In LML, we prove theorems about the interaction of an algorithm with an environment. An algorithm takes actions, to which the environment responds with feedback (e.g., rewards for the bandit case, the gradient of a function in optimization problems). In general, both action and feedback can depend on the entire history up to the current time and can be randomized. The Algorithm structure is defined as follows:

structure Algorithm (α R : Type*) [MeasurableSpace α] [MeasurableSpace R] where
  /-- Policy or sampling rule: distribution of the next action. -/
  policy : (n : ℕ) → Kernel (Iic n → α × R) α
  [h_policy : ∀ n, IsMarkovKernel (policy n)]
  /-- Distribution of the first action. -/
  p0 : Measure α
  [hp0 : IsProbabilityMeasure p0]

This structure refers to two types, the type of actions α and the type of feedback R. Both are measurable spaces, since we consider stochastic algorithms and environments. The interaction will start with the algorithm playing a first action, which is in general random with distribution p0. The field hp0 registers that p0 is a probability measure (and it is in square brackets to tell Lean to infer it automatically whenever possible). After time n, there is a history of actions and feedbacks Iic n → α × R (n+1 pairs action and feedback). So after time 0 (the processes are 0-indexed) the history contains the action at time 0 and the feedback that followed. The policy field contain for each time n a kernel from that history to the action space. That is, it maps every possible history to a random next action (and that map is measurable). The h_policy field records that the measure describing the next action is a probability measure.
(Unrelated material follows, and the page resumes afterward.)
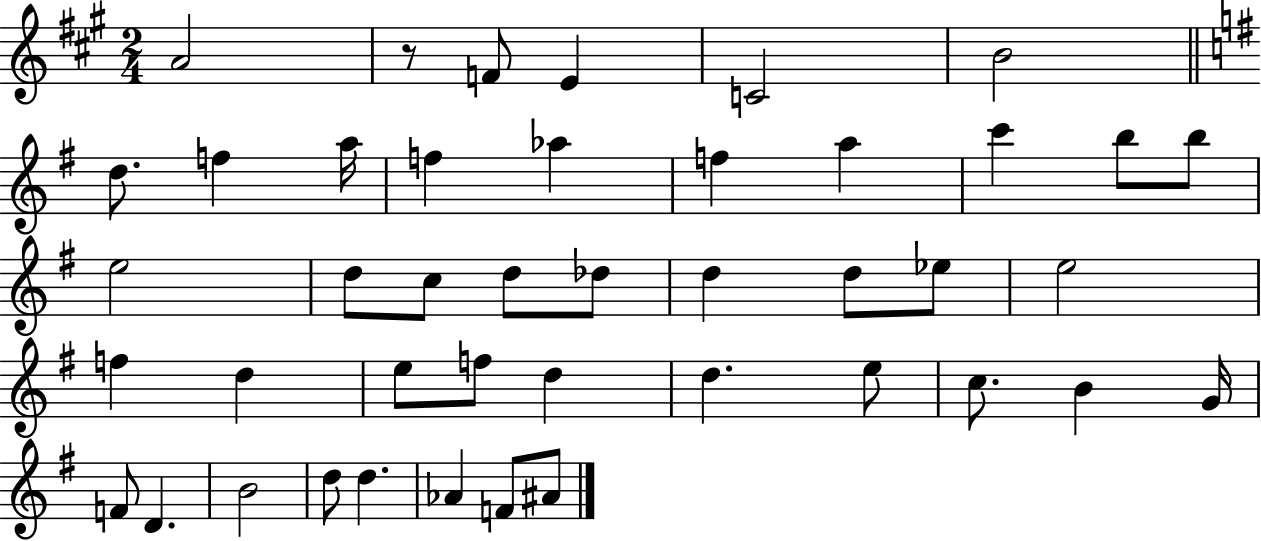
A4/h R/e F4/e E4/q C4/h B4/h D5/e. F5/q A5/s F5/q Ab5/q F5/q A5/q C6/q B5/e B5/e E5/h D5/e C5/e D5/e Db5/e D5/q D5/e Eb5/e E5/h F5/q D5/q E5/e F5/e D5/q D5/q. E5/e C5/e. B4/q G4/s F4/e D4/q. B4/h D5/e D5/q. Ab4/q F4/e A#4/e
If the algorithms actions are not random, we can use the detAlgorithm definition to build an algorithm from the data of a measurable function for the next action and a choice for the first action.

def detAlgorithm (nextAction : (n : ℕ) → (Iic n → α × R) → α)
    (h_next : ∀ n, Measurable (nextAction n)) (action0 : α) :
    Algorithm α R where
  policy n := Kernel.deterministic (nextAction n) (h_next n)
  p0 := Measure.dirac action0

We can see here that we did not need to prove that the kernels are IsMarkovKernel and that the distribution of the first action is a probability measure. Lean knows that deterministic kernels are Markov.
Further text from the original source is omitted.